I'm sad to report the passing of a great advocate and friend to local history in Orange County: Don Dobmeier. Here's his obituary, as posted on DignityMemorial.com:
Donald Joseph Dobmeier
July 5, 1944 – August 2, 2024
Donald J. Dobmeier was born in [Orange's] Saint Joseph Hospital to Clifford and Isabell (Bettencourt) Dobmeier on 5 July 1944. Donald grew up in the orange groves, avocado orchards and strawberry fields of Orange County. Donald graduated from Garden Grove High School class of 1963 and was gifted one of the first 1964 Mustangs from his beloved Aunt Mary.
Donald attended Orange Coast College and Cal State University Fullerton. Donald married Sue Anne Stoecker in April 1967 at Saint Cecilia’s in Tustin. Within a few years Don and Sue with two sons returned to Don’s hometown – the strawberry capital of the world, Garden Grove. Donald and Sue planted roots in Garden Grove and raised one daughter Francisca Teresa and four sons Josef James, Paul Alexander, John Russell and Theodore David– all graduating from Don’s alma mater Garden Grove High School.
As an outdoorsman, Don climbed Mount Whitney, fed the bears in Yosemite Valley, and took the family on hiking excursions in San Bernadino’s National Forest. Donald had two small businesses and worked as ‘Don the Gardener’ by day and ‘Don the Bartender’ by night.
Don’s true passion was the historical beauty of Orange County. Don was appointed to the O.C. Historical Commission in 1974 and helped preserve O.C.’s treasures for 47 years including the Key Ranch in Placentia, Modjeska’s Arden, the old oaks in Irvine, and the Old Orange County Courthouse – Don’s home away from home.
Donald has ten grandchildren: Benjamin, Desmond, James, Tessa, Teddy, Samuel and Vince Gregory, Shelbie Sue (Christian) Korver, and Jack and Clifford. Don chose to stay in his Garden Grove home surrounded by his loving family in his final days. The same cozy home his kind hearted grandmother Francisca Bettencourt babysat him back when it all started in the 1940s.
Don passed away on Friday, August 2nd, at 80 years old.
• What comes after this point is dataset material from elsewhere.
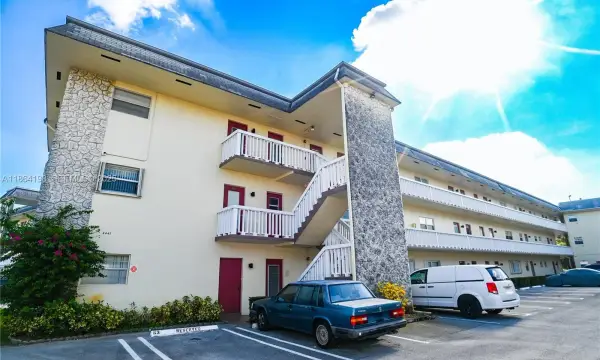 4441 NW 16th Street J301, Lauderhill, FL 33313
History never ends as long as we remember and cherish it.
A memorial service will be held at Saint Columban’s Catholic Church, Monday, Aug. 19, at 10am, with interment to follow at Holy Sepulcher Cemetery in Orange, followed by a reception at Moreno’s Restaurant on Chapman Ave.
While Don didn’t actively write much history himself, he was tremendously knowledgeable, was the longest-serving member of the O.C. Historical Commission, was a longtime Orange County Historical Society board member, helped save numerous endangered historic sites, served as unofficial editor for countless books and articles, and always had additional research resources to recommend whenever a historian “hit a wall.” He was the institutional memory of the Orange County historical community and was the glue that held many historical projects together.
If you'd like to know more about Don's historical work and personality, I wrote a fairly lengthy article about him on this blog in 2021, when he retired from the Commission.
I will miss Don as both a friend and a colleague.
1 comment:
A sampling of comments that were posted when I pushed this to Facebook:
Historian Pamela Gibson writes, "Don was a good friend and colleague. He had a great sense of humor and was always willing to help with a research project. Even when I left Orange County to become City Manager of Sonoma, he'd send me tidbits of Sonoma history and even a few old postcards featuring the city hall there. Thank you for letting me know he'd passed."
Garden Grove's Josh McIntosh writes, "He was one of the coolest guys in the Grove. I miss the days of carpooling with him to OCHS meetings in his old truck. He had so many interesting stories."
Former O.C. Historical Commissioner Helen Myers writes, "He was an amazing man with so much history on his brain."
Fellow OCHS board member Guy Ball writes, "Don was such a generous guy and such a long-time friend of Orange County History!"